CS614 Final Term Latest Past Papers 2025

Moving Away from the Purist Perspective

Before delving into the topic, it’s essential to clarify what a purist is. A purist is someone who strictly adheres to traditional or idealized methods, insisting on doing things exactly “by the book” or following established, often outdated, principles. This approach lacks flexibility and practicality. Purists seek perfection, and as a result, they often justify inaction by arguing that the world isn’t perfect enough to meet their standards.


In the realm of data warehousing, as these systems and their underlying technologies have become more widespread, certain conventional characteristics have been altered to accommodate the growing and varied demands of users. For instance, it’s now generally accepted that a data warehouse is not a comprehensive store of all organizational data. Other significant adjustments involve the concepts of time variance and non-volatility, which have been somewhat relaxed to fit practical needs.

Yield Management Explained

A good example of adapting traditional approaches can be seen in yield management, especially in industries like aviation. Airlines often use sophisticated pricing strategies where the price of the same seat can vary widely depending on when the ticket was purchased, the number of seats still available, Whether the ticket is for a one-way journey or a round trip, along with other considerations. For instance, two passengers sitting next to each other on a flight might have paid different prices for their seats despite those seats being identical. This dynamic pricing approach allows airlines to maximize their revenue by adjusting prices based on demand and timing.

Normalization and Practical Adjustments

Normalization refers to a set of guidelines aimed at organizing database tables to reduce redundancy and improve data integrity. However, it’s crucial to understand that these guidelines are not rigid standards but best practices. In environments like Decision Support Systems (DSS), strict adherence to normalization might be impractical due to performance constraints.
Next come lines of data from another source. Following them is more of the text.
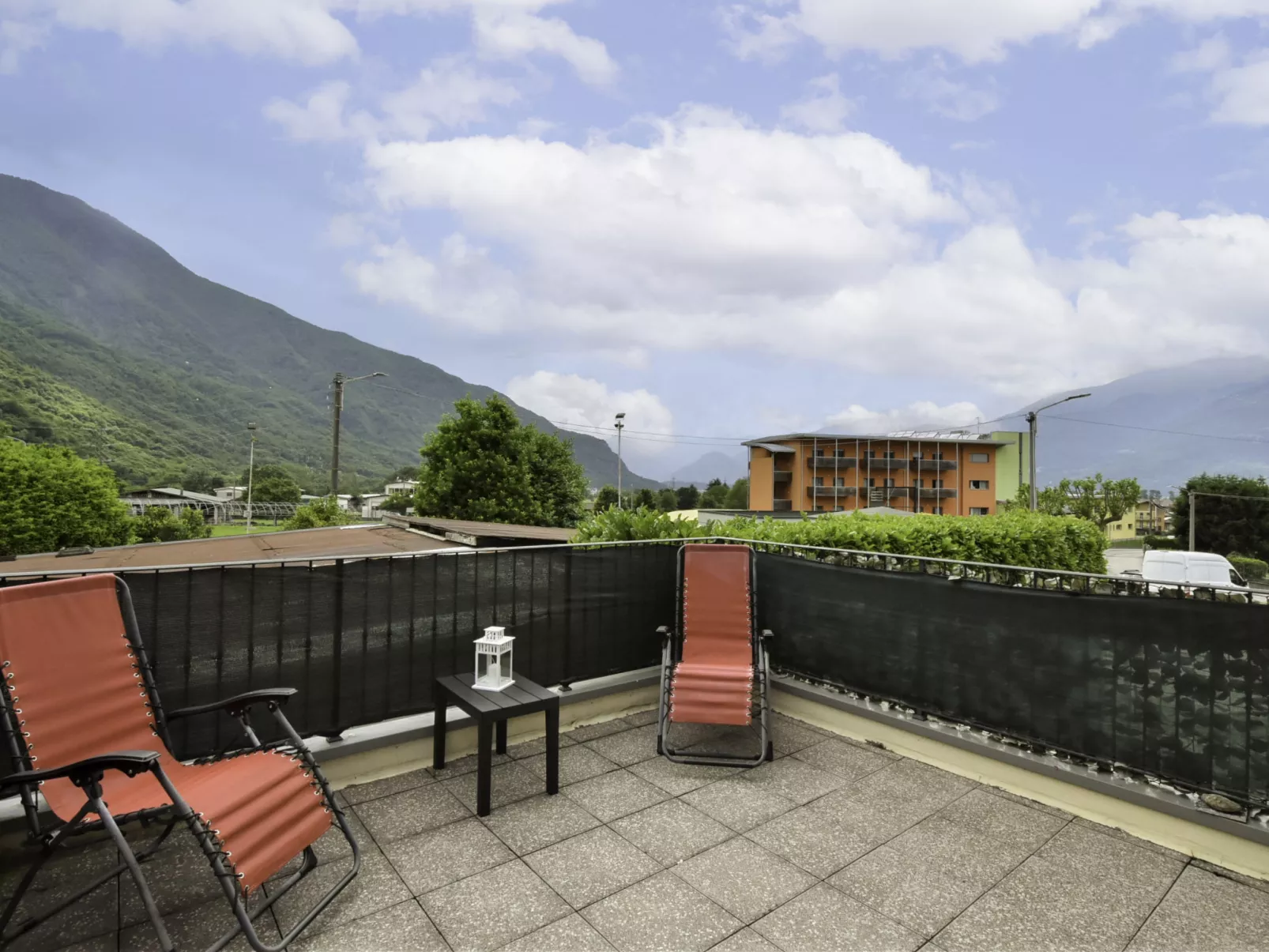 Delebio Terrace Apartment-Outside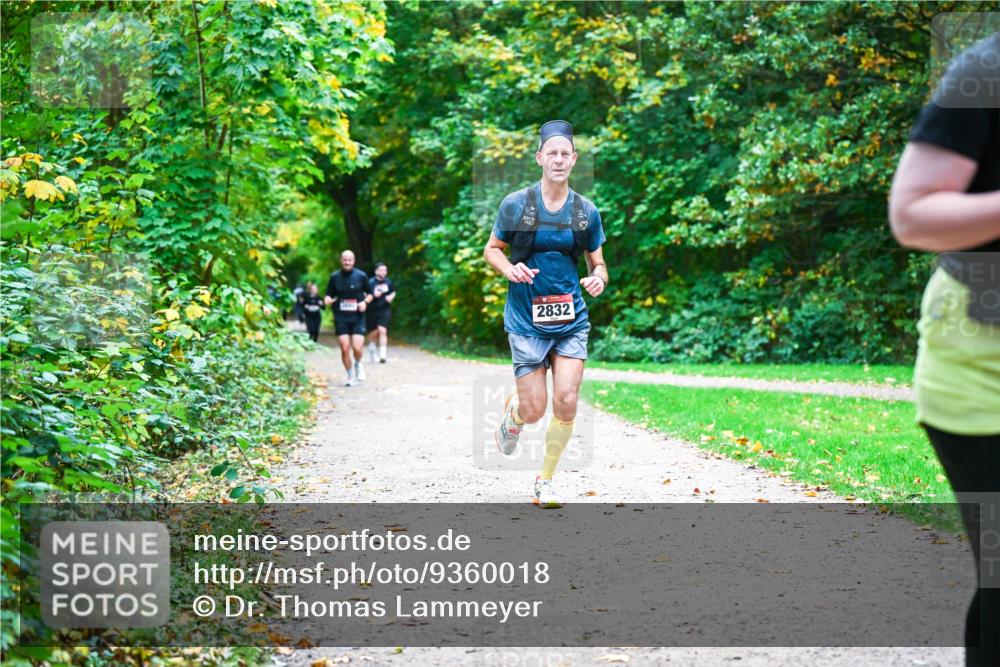 12.10.2025 - Bramfelder Halbmarathon 2025 Dr. Thomas Lammeyer http://msf.ph/oto/9360018 12.10.2025 11:10:16 Laufen 2832 meine-sportfotos.de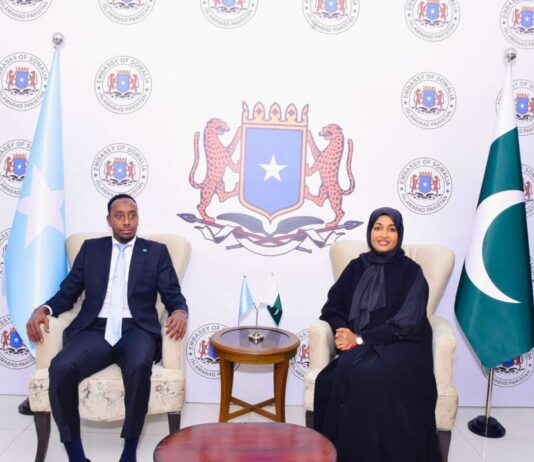 Wasiir Khadiija Al-Makhzoumi oo booqatay Safaaradda Soomaaliya ee Pakistan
Sometimes, deviations from these purist norms, known as denormalization, become necessary to improve query response times or meet specific business needs.

Whenever denormalization is considered, it’s important to weigh the potential trade-offs, such as increased data redundancy or the possibility of inconsistencies, to ensure the benefits outweigh the downsides.

Denormalization Techniques: Collapsing Tables

One common denormalization method is collapsing tables, which involves merging entities that share a one-to-one relationship. If each record in Table A corresponds to exactly one record in Table B, combining them into a single table can simplify queries and improve performance. This technique works well when the two entities are tightly linked, even if their key attributes differ.

Denormalization Techniques: Splitting Tables

Unlike collapsing tables, denormalization can also involve dividing a single table into several smaller ones. This process, which can be horizontal (dividing rows) or vertical (dividing columns), is frequently used in distributed DSS environments. Splitting allows for better data distribution and optimized query performance in complex systems where large datasets are involved.

Use of Derived Attributes in Data Warehousing

Another practical approach in data warehousing is the inclusion of derived attributes—data that is calculated from existing information rather than directly collected. Adding derived attributes makes sense when these calculations are done often and the resulting values remain stable. This practice helps reduce the computation needed during queries because the derived data is pre-calculated and stored.

Derived attributes enhance system performance by minimizing the time spent on runtime calculations. Additionally, once these derived values are correctly computed and validated, their accuracy is generally reliable, reducing the chances of errors in subsequent use. This, in turn, increases the trustworthiness of the data stored in the warehouse.

The Balance Between Storage Space and Performance

Theoretically, two extremes exist in managing data warehouses: unlimited storage with maximum pre-computation versus unlimited processing power with no pre-computation.

In the first extreme, if storage capacity were unlimited and free, every possible aggregation or data summary (such as data cubes combining various dimensions) could be pre-calculated and stored. This would ensure the fastest possible query responses because all answers are already computed in advance. However, this approach is impractical due to the enormous storage costs and the time required to build these pre-aggregates.

At the other end, if processing power were infinite and instant, there would be no need to store pre-computed summaries because queries could be calculated on the fly without delay. While this might save storage space, it would demand extremely powerful and costly hardware, and in reality, such performance is unattainable.

Most practical systems must find a balance between these two extremes—deciding how much to pre-calculate and store versus how much to compute dynamically based on available resources and performance needs.

Conclusion

In summary, the rigid, purist approach to data warehousing and database design is often impractical in today’s fast-evolving technological landscape. To meet real-world demands, compromises such as denormalization, yield management, and the inclusion of derived attributes are necessary. These adaptations allow systems to be more flexible, efficient, and responsive to user needs, even if they stray from traditional ideals.

Ultimately, successful data warehouse design is about striking the right balance between theoretical perfection and practical usability. By carefully considering trade-offs in performance, storage, and data integrity, organizations can build systems that are both robust and capable of handling complex, dynamic workloads effectively.